Political scientist receives Distinguished Scholar Award from International Studies Association’s Religion and International Relations Section

Author: Josh Weinhold

Daniel Philpott

Daniel Philpott, a Notre Dame professor of political science, has received the 2021 Distinguished Scholar Award from the International Studies Association’s Religion and International Relations Section.

Philpott, the section’s awards committee noted, is a key figure in the first generation of scholars to incorporate religion into the study of international relations. His research focuses on the relationship between religion and democracy, ethics, peace-building, reconciliation, and religious freedom.

A quarter-century ago, Philpott said, few political scientists were studying religion and global politics — a theory of secularization was dominant, arguing that religion was exiting the stage of history. The 9/11 terrorist attacks changed all of that, he said, and brought religion back to the forefront of the study of world affairs.

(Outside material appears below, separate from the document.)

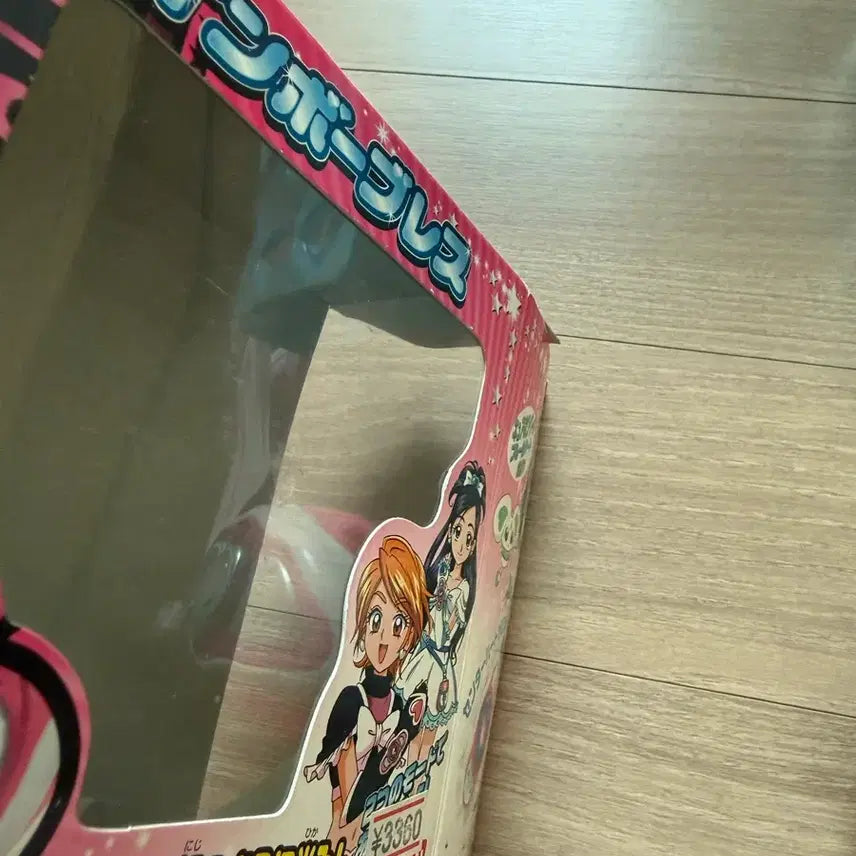 [BUNJANG] Heart Cure Pretty Cure Rainbow Brace Vintage Toy / 하트큐어 프리큐어 레인보우 브레이스 고전완구 고전문구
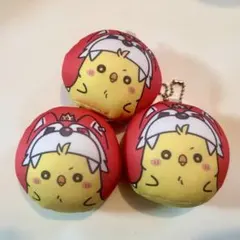 いれいす りうら ぴよまる 活動4周年記念 ビーズクッションキーホルダー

“My research, however, has not focused on religion’s capacity for violence, though I have looked at that. Rather, I study religion’s capacity for peace and justice, particularly in the areas of peacebuilding, reconciliation, religious freedom, and democratization,” Philpott said. “There is much evidence that religious leaders and communities have made a big difference in all of these ways over the years.”

Beyond research, Philpott has pursued service work and activism around the globe, including working with religious leaders in Kashmir and Central Africa on peace and reconciliation, and he conducted a major study of forgiveness in the wake of armed violence in Uganda.

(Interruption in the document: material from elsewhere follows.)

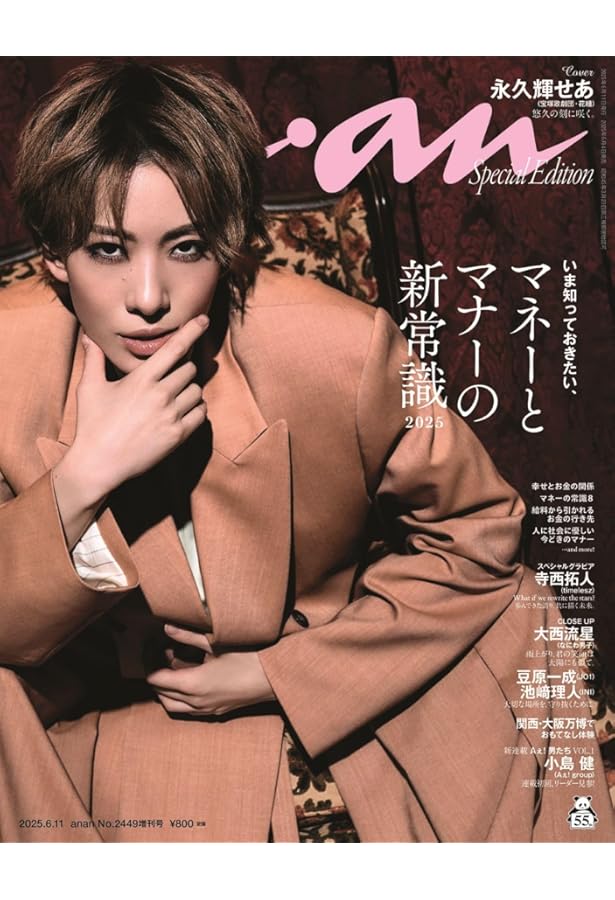Amazon.co.jp: anan(アンアン)2024/02/14号 No.2384増刊 スペシャル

“The selection committee has high hopes about Professor Philpott’s intellectual influence into the future, on the next generation of [international relations] and religion scholars,” the committee wrote. “The [international relations] discipline is now global, [and] interreligious dialogue on global political issues is a part of a globalizing world.”

Philpott earned his Ph.D. in 1996 from Harvard University, then spent five years on the faculty at the University of California, Santa Barbara, before coming to Notre Dame in 2001. His monographs include Revolutions in Sovereignty (Princeton, 2001), God’s Century: Resurgent Religion in Global Politics (Norton, 2011, coauthored with Monica Duffy Toft and Timothy Samuel Shah), Just and Unjust Peace: An Ethic of Political Reconciliation (Oxford, 2012) and Religious Freedom in Islam: The Fate of a Universal Human Right in the Muslim World (Oxford, 2019). 

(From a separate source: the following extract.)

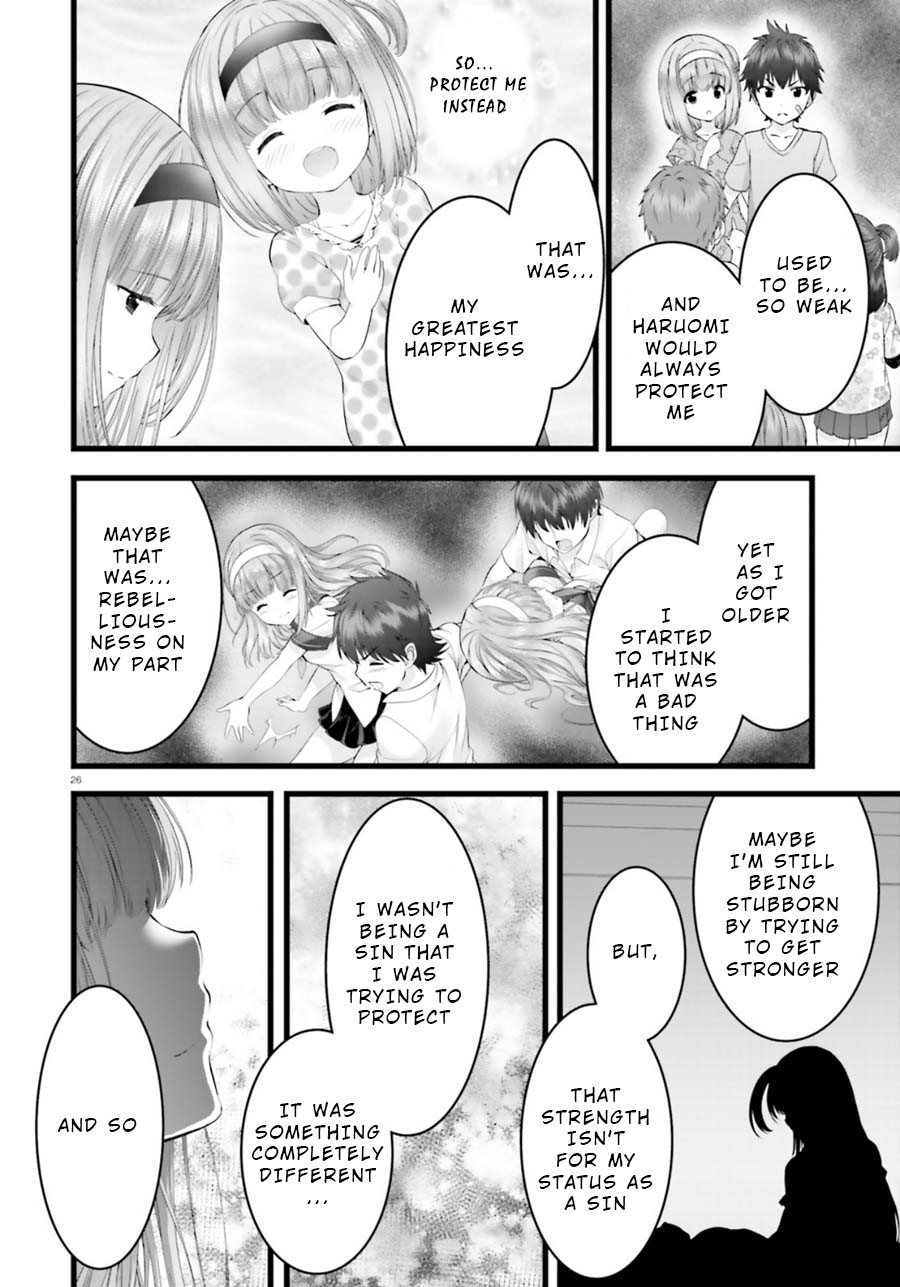 Night Bound Aubade Chapter 24 - Page 25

Philpott was honored by the ISA section at its annual conference earlier this month, which included a panel discussion on Philpott’s work and influence by eight other scholars from the field. 

“Receiving an award such as this makes me reflect on all those on whom my studies have depended so thoroughly — parents, family, friends, teachers, students, colleagues, and indeed the grace of God,” Philpott said. “I am immensely grateful to have worked at Notre Dame over the past two decades, an ideal setting in which to study religion and global politics.”